*DATA SHOWN:*
========================================================================
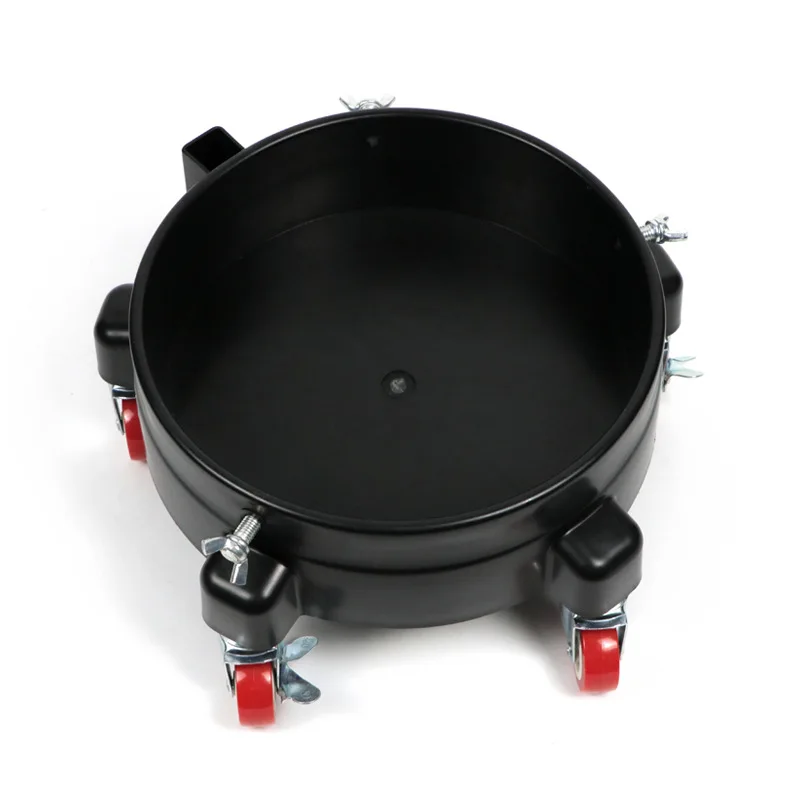 Black Car Wash Bucket Dolly 10-20L Buckets Car Wash Bucket 360 Degree Universal Base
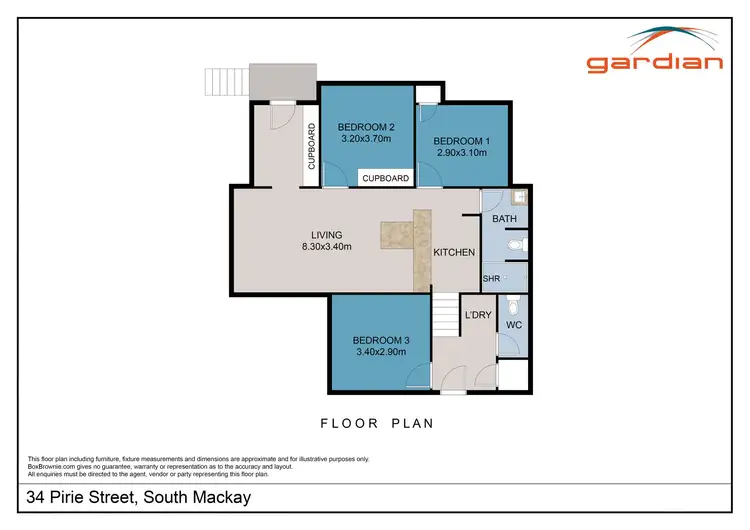 Floorplan of Homely house listing, 34 Pirie Street, South Mackay QLD 4740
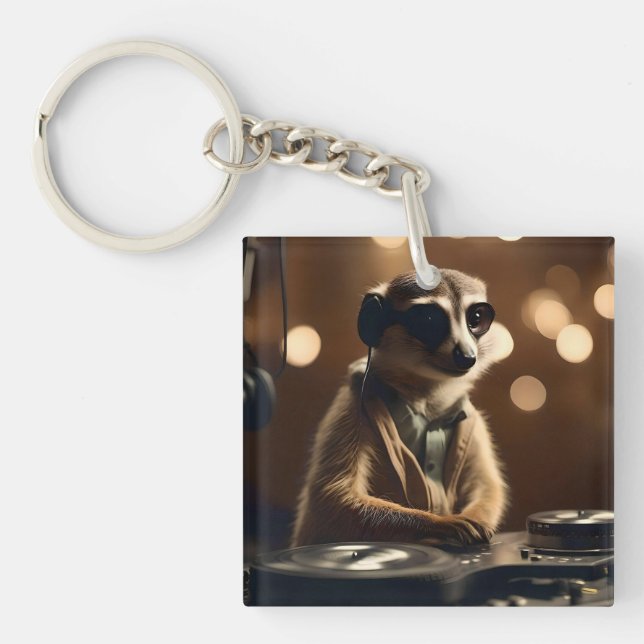 DJ Meerkat: Spinning Tracks in the Savanna, Key Ring (Front)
========================================================================
Every line of the material must be repeated exactly; pictures stay out.

*SOLUTION:*
 Black Car Wash Bucket Dolly 10-20L Buckets Car Wash Bucket 360 Degree Universal Base
 Floorplan of Homely house listing, 34 Pirie Street, South Mackay QLD 4740
 DJ Meerkat: Spinning Tracks in the Savanna, Key Ring (Front)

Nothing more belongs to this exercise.